Function noLZSS::factorize_w_reference_file

Function Documentation

size_t noLZSS::factorize_w_reference_file(const std::string &reference_seq, const std::string &target_seq, const std::string &out_path)

Factorizes a target sequence using a reference sequence and writes factors to a binary file (general version).

Factorizes a target sequence using a reference sequence and writes factors to a binary file.

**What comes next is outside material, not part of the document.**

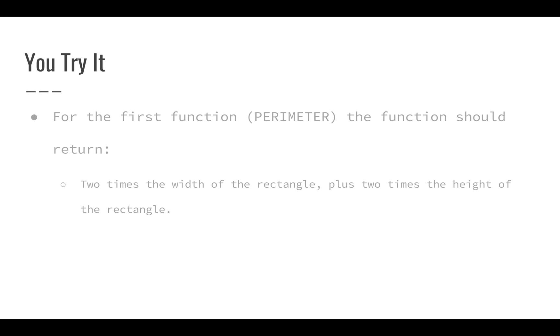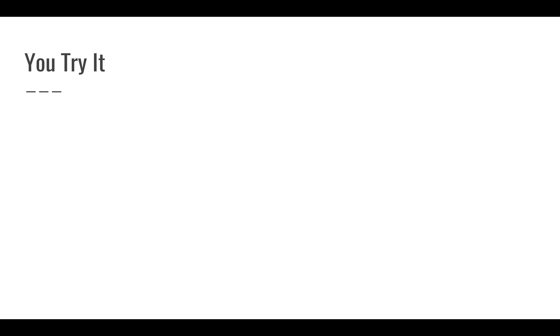For the first function, it's very basic and simple. The function should return two times the width of the rectangle plus two times the height of the rectangle. That's all you need for the perimeter of a rectangle—just look at the width and height. For the area function, it's just the width times the height, so we can calculate that very easily.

This is the file output version of factorize_w_reference(). It performs general reference-based factorization (no reverse complement) and writes results directly to a binary file in the noLZSS factor format with metadata footer.

The output file format:

  • Factors: Binary array of Factor structs (24 bytes each: start, length, reference)

  • Footer: Metadata including factor count, sequence count (2), sentinel count (1)

Use cases:

  • Processing large non-DNA sequences without storing all factors in memory

  • Saving factorization results for later analysis

  • Comparing general text documents with a reference

Concatenates a reference sequence and target sequence (ref@target), then performs noLZSS factorization starting from where the target sequence begins, and writes the resulting factors to a binary file. Suitable for general text or amino acid sequences.

See also

factorize_w_reference() for in-memory version

See also

factorize_dna_w_reference_seq_file() for DNA-specific version with reverse complement

Note

Output file includes footer with num_sequences=2, num_sentinels=1

Note

File uses buffered I/O (1MB buffer) for performance

Note

The reference field in factors points to positions in the combined string

Note

No reverse complement awareness - this is for general text, not DNA

Note

Factors start positions are absolute positions in the combined reference+target string

Note

No reverse complement matching is performed - suitable for text or amino acid sequences

Note

Binary format follows the same structure as other factorization binary outputs

Warning

The sentinel character ‘\x01’ (ASCII 1) must not appear in either input sequence, as it is used internally to separate the reference and target sequences

Warning

This function overwrites the output file if it exists

Parameters:
  • reference_seq – Reference sequence (any text)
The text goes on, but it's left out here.